BELFAST, Northern Ireland - An elite antiterrorist unit let Belfast outlaws get away with murder in exchange for information, but its officers will not be charged because they covered their tracks, according to an investigation published yesterday into police spying on a Protestant gang.
The findings of Police Ombudsman Nuala O'Loan, the Roman Catholic watchdog for the mostly Protestant police force, sent shock waves through a peace process that depends on building Catholic support for the police.
Her report, the product of a 31/2-year probe, found that the police force's Special Branch intelligence arm covered up at least 10 killings from 1993 to 2000 involving Ulster Volunteer Force members who were being paid for tip-offs.
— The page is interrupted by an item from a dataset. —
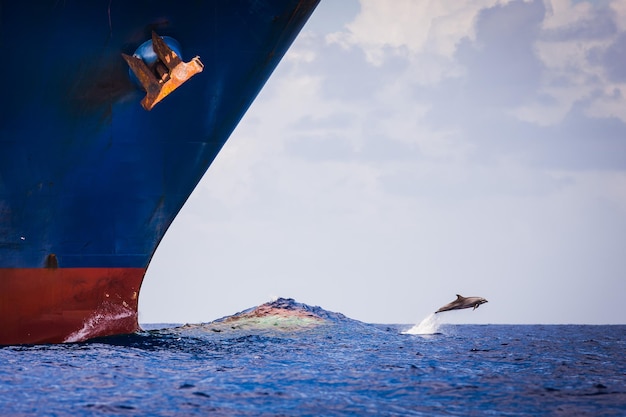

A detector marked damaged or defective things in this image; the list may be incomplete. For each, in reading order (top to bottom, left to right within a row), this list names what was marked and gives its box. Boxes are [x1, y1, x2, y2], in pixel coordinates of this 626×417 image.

rusty anchor [120, 31, 202, 110]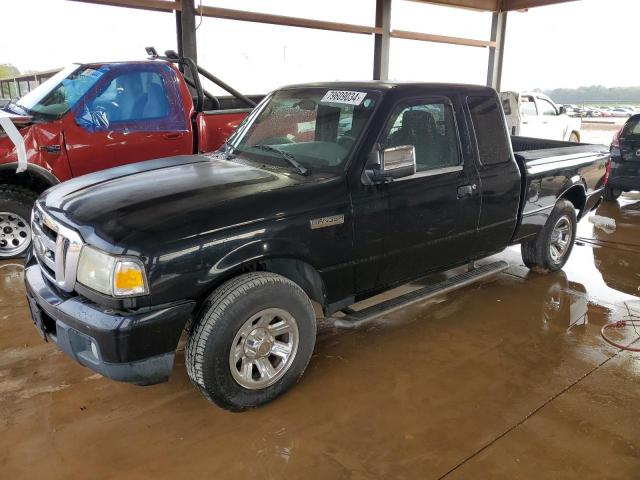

The Special Branch was abolished in 2003 as part of a reform plan that favors the recruitment of Catholics.
The report was published just days before Sinn Fein, the Irish Republican Army-linked party that represents most Catholics, is expected to vote to begin supporting the police.
That long-unthinkable step would follow the IRA's 2005 decisions to renounce violence, disarm and promote the revival of a Catholic-Protestant administration, the central goal of Northern Ireland's Good Friday accord of 1998.
Sinn Fein leader Gerry Adams said evidence of collusion, far from fueling Catholic hostility to cooperation now, should demonstrate why his party needed to get involved with the police and "stamp out bad policing."
O'Loan said her investigators interviewed about 100 former and current officers, many of whom were helpful. But 40 others - including senior former commanders of Special Branch - refused.
"Others, including some serving officers, gave evasive, contradictory and, on occasion, farcical answers to questions," her 162-page report found.
O'Loan said Special Branch officers suppressed forensic evidence and didn't follow up leads that pointed to involvement of their Ulster Volunteer Force informers in at least 82 crimes.
Her report did not identify any informer by name.
O'Loan said British state prosecutors will not press charges against any former Special Branch officer because of insufficient evidence of collusion - because the officers themselves had failed to document their undercover work or had hidden or destroyed key files.
Irish Prime Minister Bertie Ahern said the report "paints a picture of despicable past behavior. It is essential that justice be done, and be seen to be done, in these cases."